##### Records provided

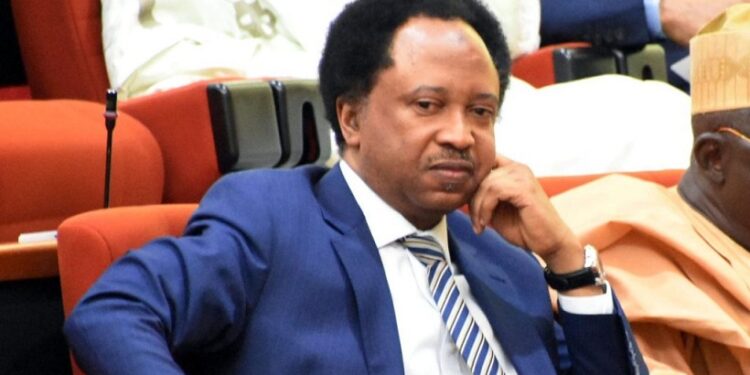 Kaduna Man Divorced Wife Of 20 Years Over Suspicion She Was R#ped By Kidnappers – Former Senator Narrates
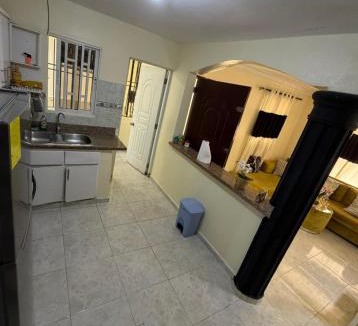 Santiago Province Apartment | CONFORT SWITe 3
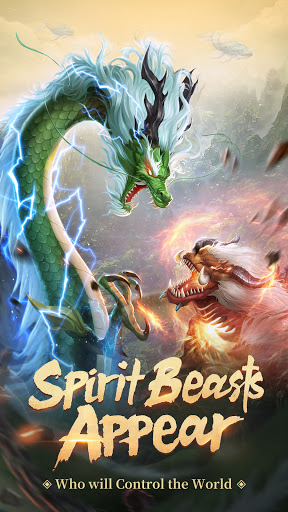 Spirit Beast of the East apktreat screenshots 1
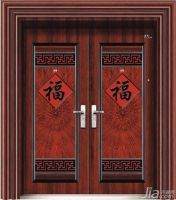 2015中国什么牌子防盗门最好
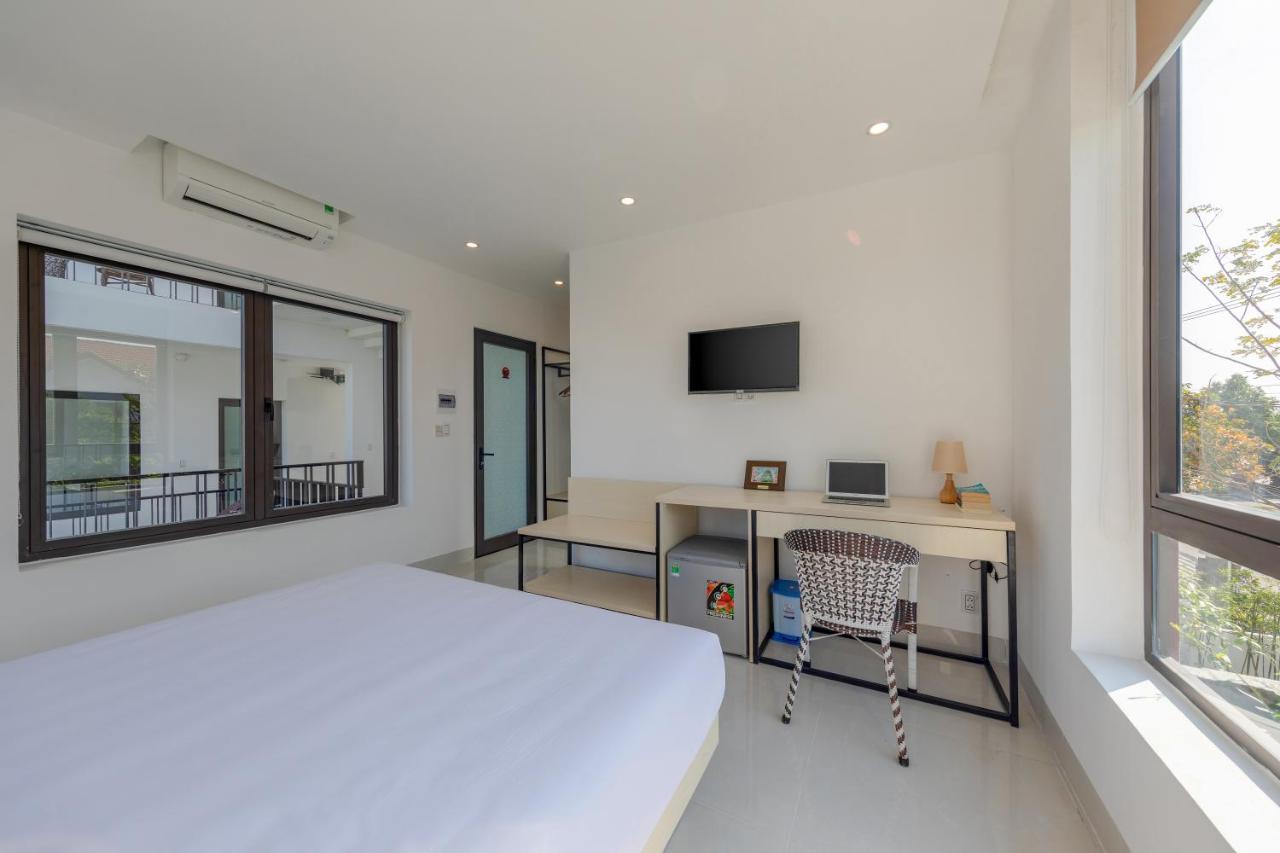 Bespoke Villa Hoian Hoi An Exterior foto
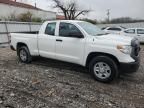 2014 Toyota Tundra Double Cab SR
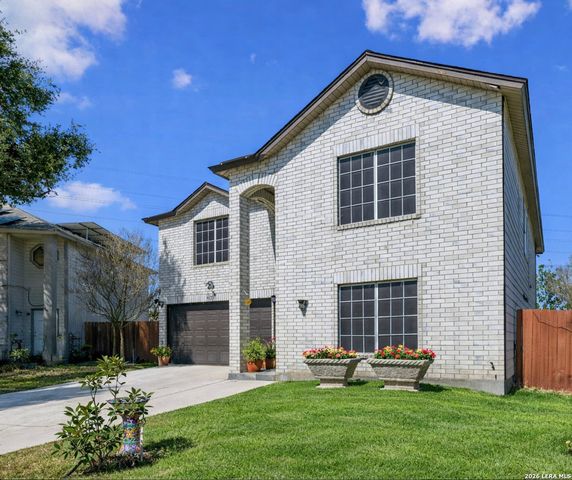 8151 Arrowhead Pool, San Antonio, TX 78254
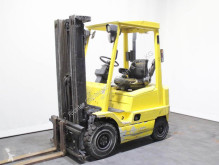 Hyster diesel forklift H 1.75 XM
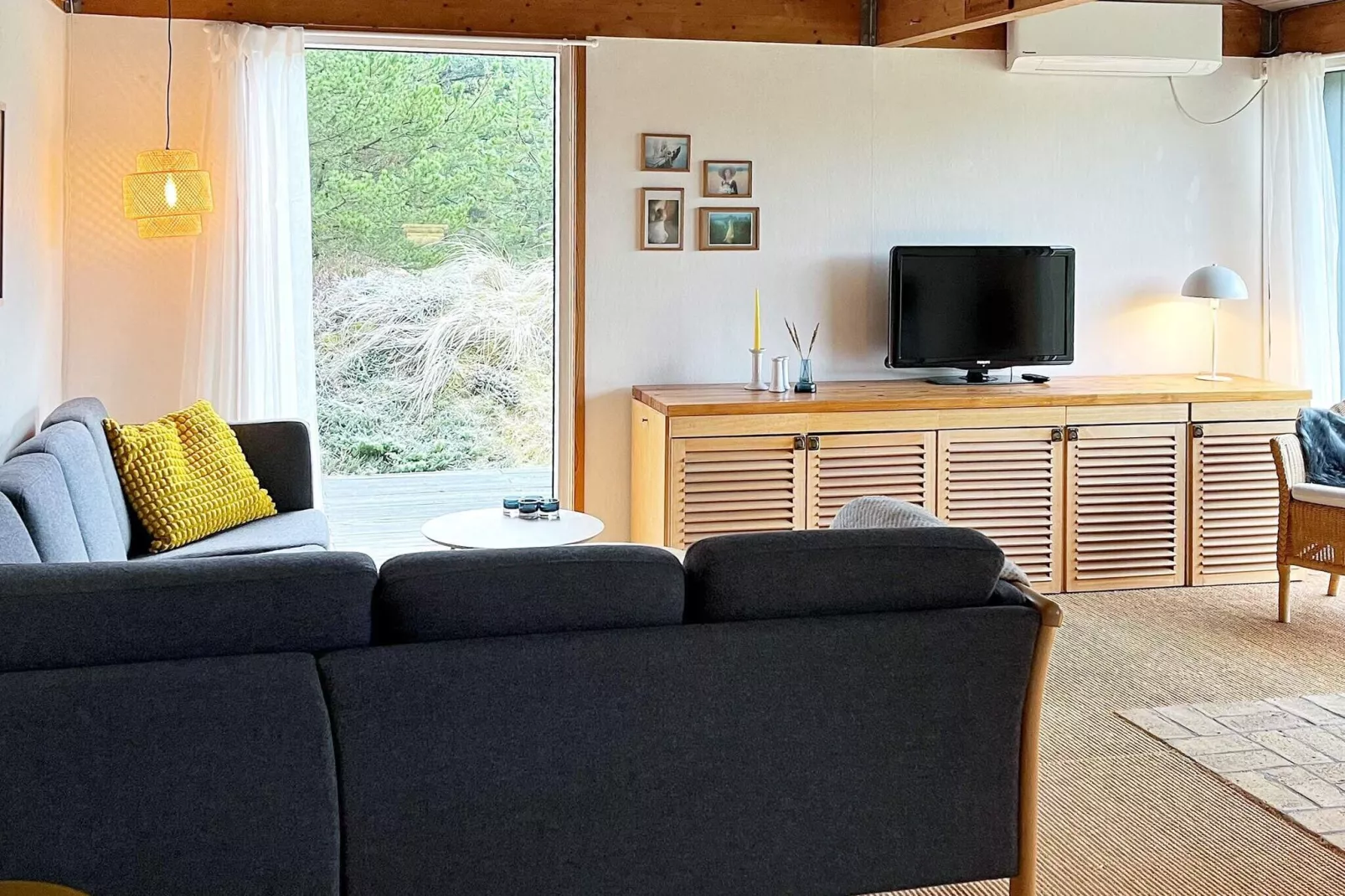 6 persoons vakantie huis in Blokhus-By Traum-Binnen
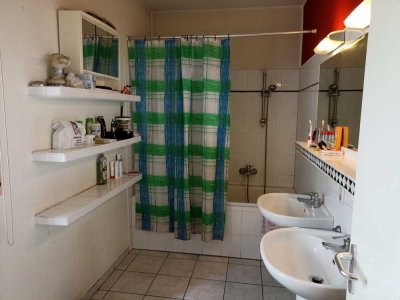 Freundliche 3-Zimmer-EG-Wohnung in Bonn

##########

> [What is being asked]:
Could you reproduce every record above exactly, leaving out any pictures?

> [Task response]:
 Kaduna Man Divorced Wife Of 20 Years Over Suspicion She Was R#ped By Kidnappers – Former Senator Narrates
 Santiago Province Apartment | CONFORT SWITe 3
 Spirit Beast of the East apktreat screenshots 1
 2015中国什么牌子防盗门最好
 Bespoke Villa Hoian Hoi An Exterior foto
 2014 Toyota Tundra Double Cab SR
 8151 Arrowhead Pool, San Antonio, TX 78254
 Hyster diesel forklift H 1.75 XM
 6 persoons vakantie huis in Blokhus-By Traum-Binnen
 Freundliche 3-Zimmer-EG-Wohnung in Bonn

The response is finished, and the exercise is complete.